IEEE Trans Pattern Anal Mach Intell. 2023 Jun;45(6):6748-6765. doi: 10.1109/TPAMI.2021.3070543. Epub 2023 May 8.
We present JRDB, a novel egocentric dataset collected from our social mobile manipulator JackRabbot. The dataset includes 64 minutes of annotated multimodal sensor data including stereo cylindrical 360 RGB video at 15 fps, 3D point clouds from two 16 planar rays Velodyne LiDARs, line 3D point clouds from two Sick Lidars, audio signal, RGB-D video at 30 fps, 360 spherical image from a fisheye camera and encoder values from the robot's wheels. Our dataset incorporates data from traditionally underrepresented scenes such as indoor environments and pedestrian areas, all from the ego-perspective of the robot, both stationary and navigating. The dataset has been annotated with over 2.4 million bounding boxes spread over five individual cameras and 1.8 million associated 3D cuboids around all people in the scenes totaling over 3500 time consistent trajectories. Together with our dataset and the annotations, we launch a benchmark and metrics for 2D and 3D person detection and tracking. With this dataset, which we plan on extending with further types of annotation in the future, we hope to provide a new source of data and a test-bench for research in the areas of egocentric robot vision, autonomous navigation, and all perceptual tasks around social robotics in human environments.

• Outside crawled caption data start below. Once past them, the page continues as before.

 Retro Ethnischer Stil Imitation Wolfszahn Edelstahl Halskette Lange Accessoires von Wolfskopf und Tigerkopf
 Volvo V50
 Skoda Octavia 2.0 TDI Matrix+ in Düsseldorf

我们提出了 JRDB,这是一个从我们的社交移动机器人 JackRabbot 收集的新型自我中心数据集。该数据集包括 64 分钟的注释多模态传感器数据,包括立体圆柱 360°RGB 视频,帧率为 15fps,来自两个 16 平面射线 Velodyne LiDAR 的 3D 点云,来自两个 Sick Lidars 的线 3D 点云,音频信号,帧率为 30fps 的 RGB-D 视频,鱼眼相机的 360°球形图像以及机器人车轮的编码器值。我们的数据集结合了来自传统代表性不足的场景的数据,例如室内环境和行人区域,这些数据均来自机器人的自我视角,包括静止和导航。该数据集已使用超过 240 万个边界框进行注释,这些边界框分布在五个独立的摄像机上,并且在场景中的所有人周围都有 180 万个相关的 3D 长方体,总计超过 3500 个时间一致的轨迹。我们将数据集和注释一起发布,用于 2D 和 3D 人员检测和跟踪的基准和指标。通过这个数据集,我们计划在未来扩展更多类型的注释,我们希望为自我中心机器人视觉、自主导航以及人类环境中社交机器人的所有感知任务领域提供新的数据来源和测试平台。